§ Data excerpts
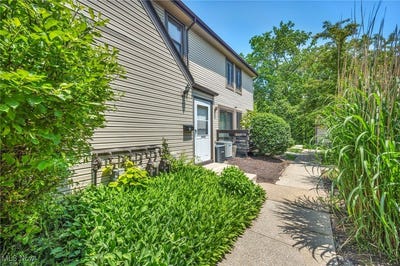 /international/us/552-turney-rd-a-bedford-oh-110100221815/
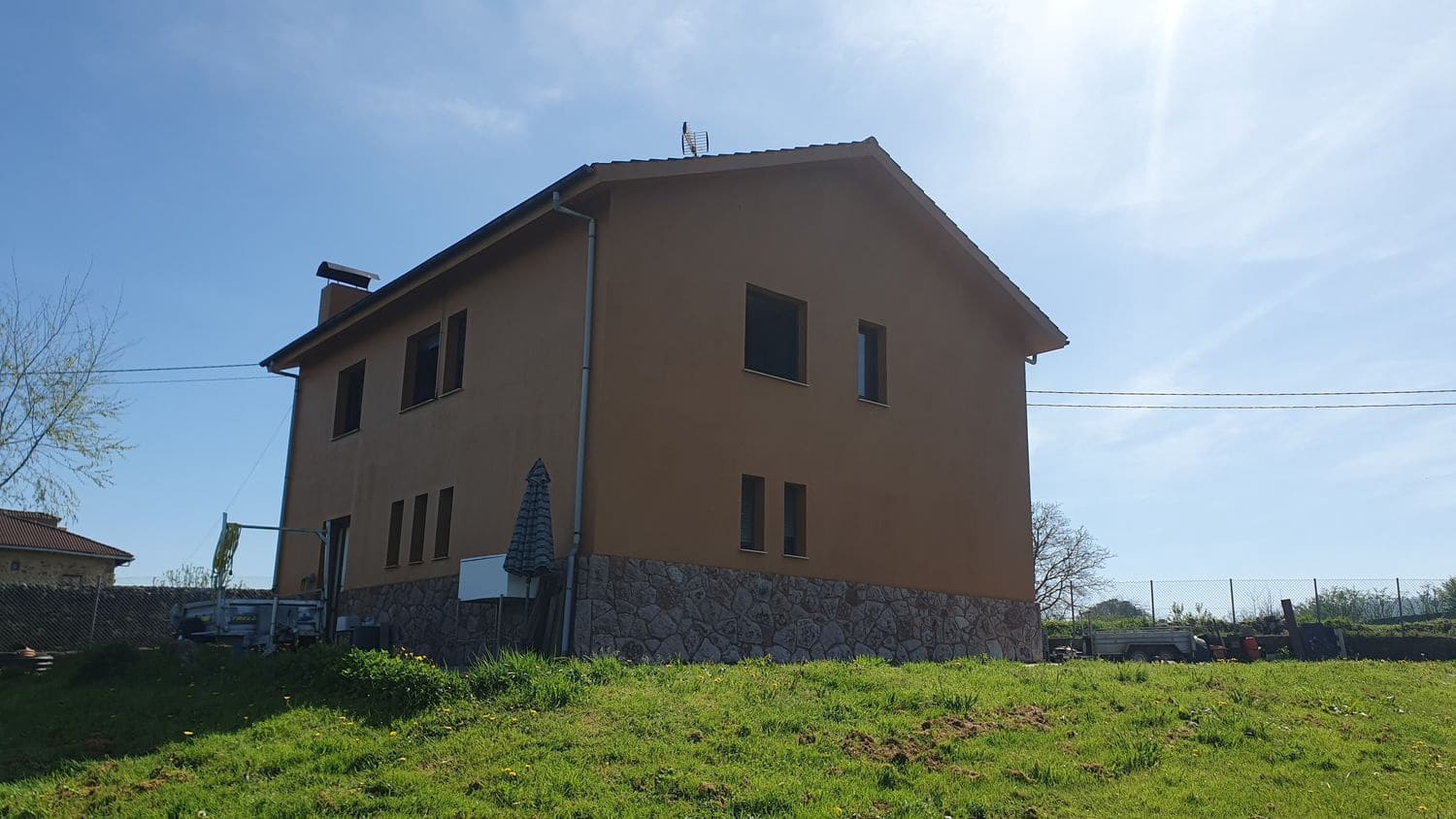 3 bedroom Villa for sale in Siero with garage - € 340,000 (Ref: 8931921)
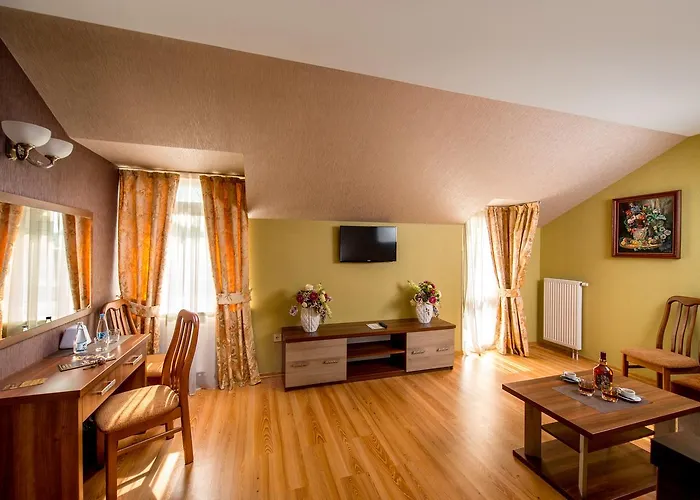 Hotel&spa Pysanka, писанка, 3 сауни та джакузі - індивідуальний відпочинок у 酒店 3*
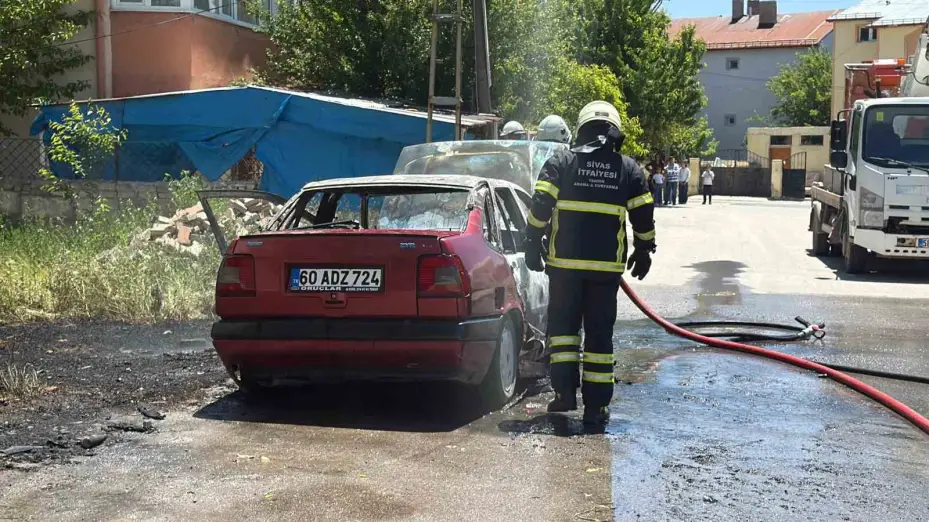 Park halindeki otomobil alev topuna dönerek kullanılamaz hale geldi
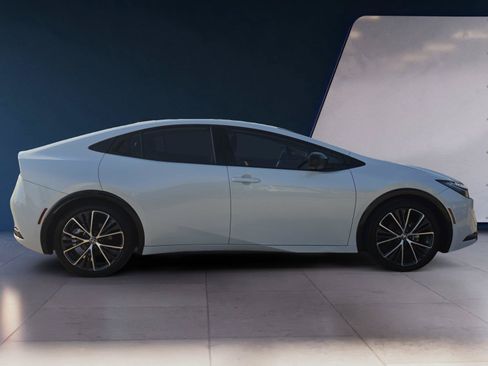Used 2025 Toyota Prius Limited w/ Limited Premium Package FWD image 6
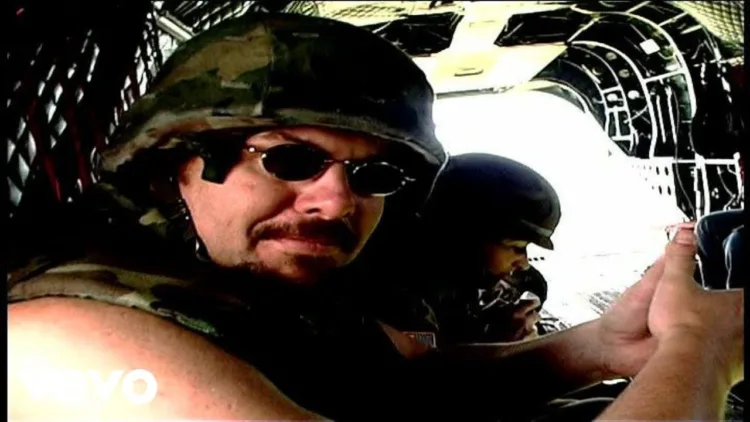 Toby Keith – Courtesy Of The Red, White And Blue (The Angry American) (Official Music Video)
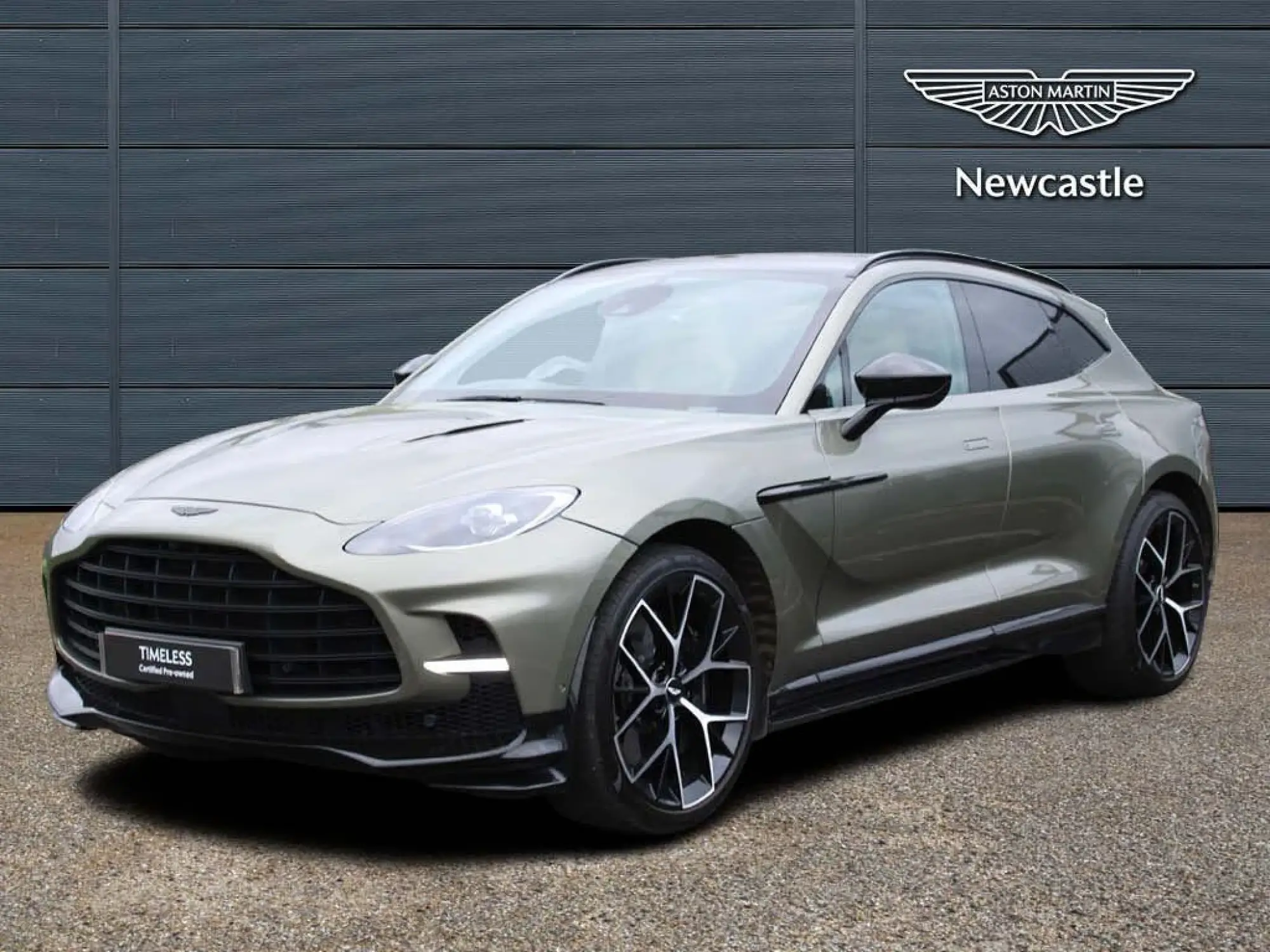 Aston Martin DBX 4.0 V8 707 SUV 5dr Petrol Auto 4WD Euro 6 (s/s) (707 ps) NY23JNL Image 3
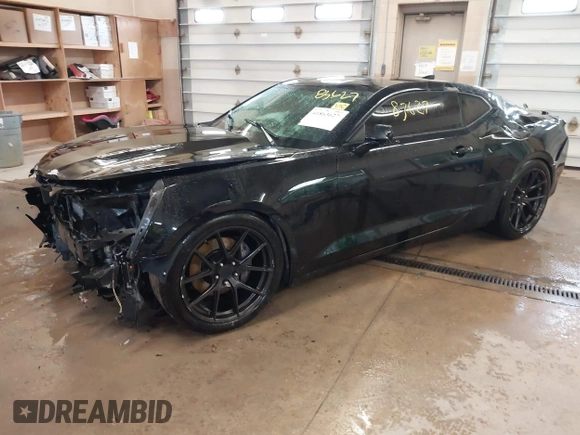 2018 Chevrolet Camaro 2SS with VIN 1G1FG1R76J0102070, listed as a IAAI auction lot 41863627 with 42,050 mi miles and . Bid and sale history available at DreamBid. Image 18.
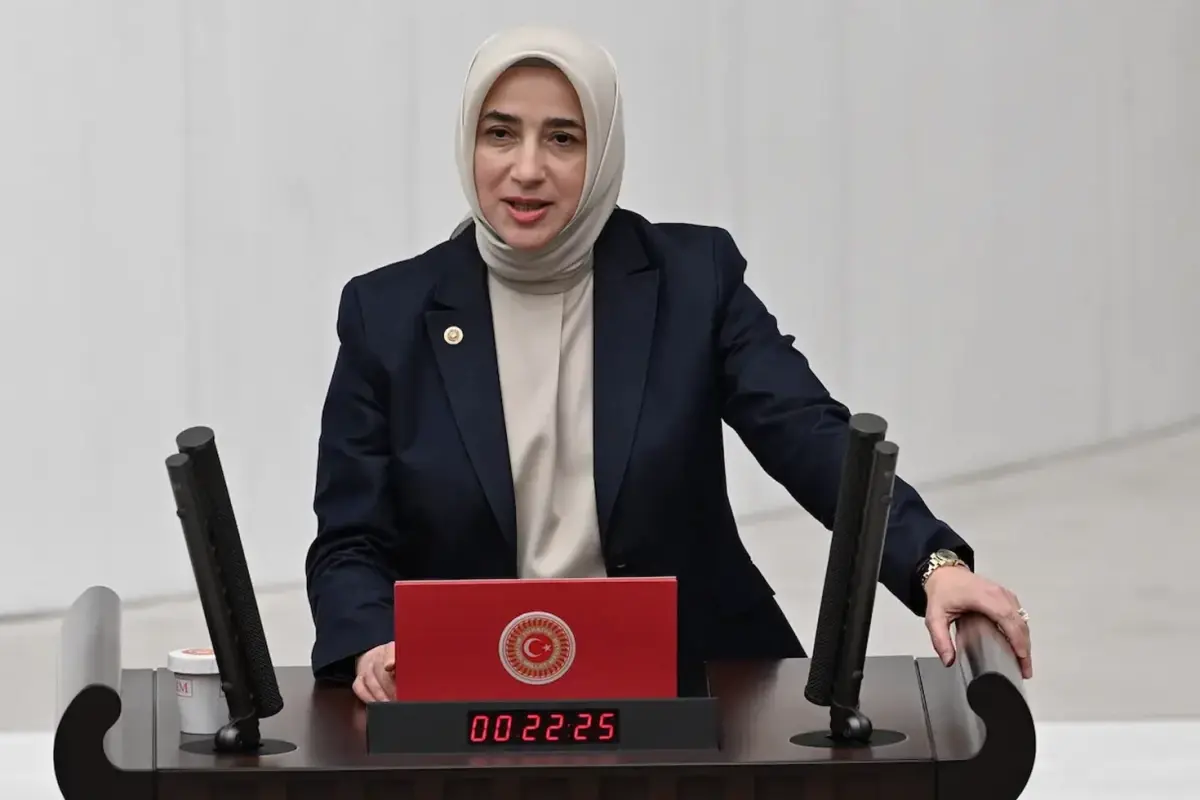 ozlem zenginden dikkat ceken cagri ilginc bir onerim var yahudi soykirimi filmleri yasaklansin lE6PDmLc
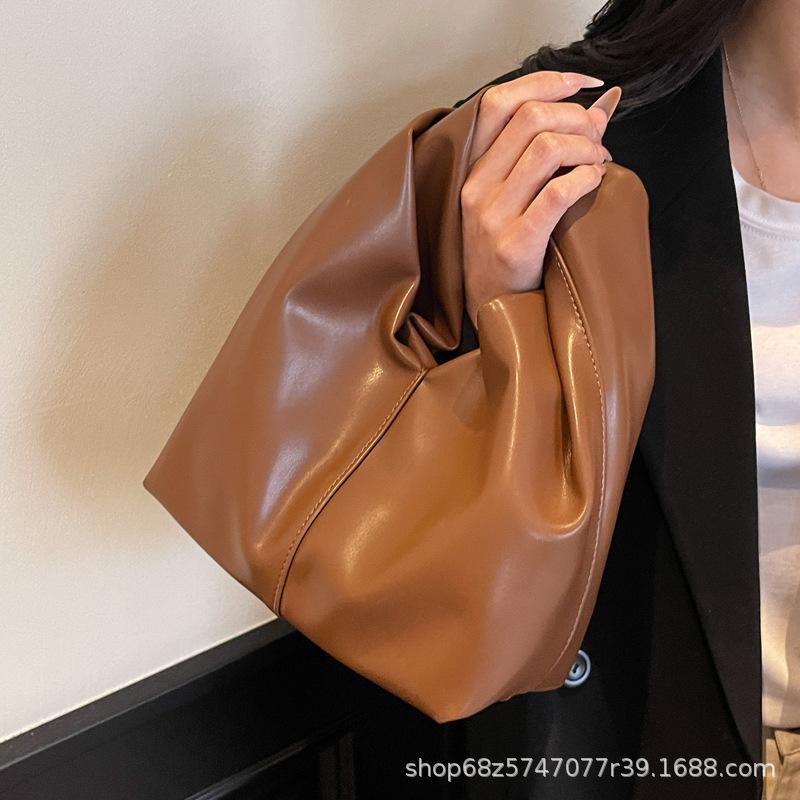 Lazy wind casual cloud bag commuter style women's bag 2025 spring and summer new trend personality simple handbag bag for women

§ Task to carry out
In the listing above, find the line with "3 bedroom Villa" and the line with "Aston Martin DBX". Set down both and every line between them, minus the pictures.

§ Exercise solution
 3 bedroom Villa for sale in Siero with garage - € 340,000 (Ref: 8931921)
 Hotel&spa Pysanka, писанка, 3 сауни та джакузі - індивідуальний відпочинок у 酒店 3*
 Park halindeki otomobil alev topuna dönerek kullanılamaz hale geldi
Used 2025 Toyota Prius Limited w/ Limited Premium Package FWD image 6
 Toby Keith – Courtesy Of The Red, White And Blue (The Angry American) (Official Music Video)
 Aston Martin DBX 4.0 V8 707 SUV 5dr Petrol Auto 4WD Euro 6 (s/s) (707 ps) NY23JNL Image 3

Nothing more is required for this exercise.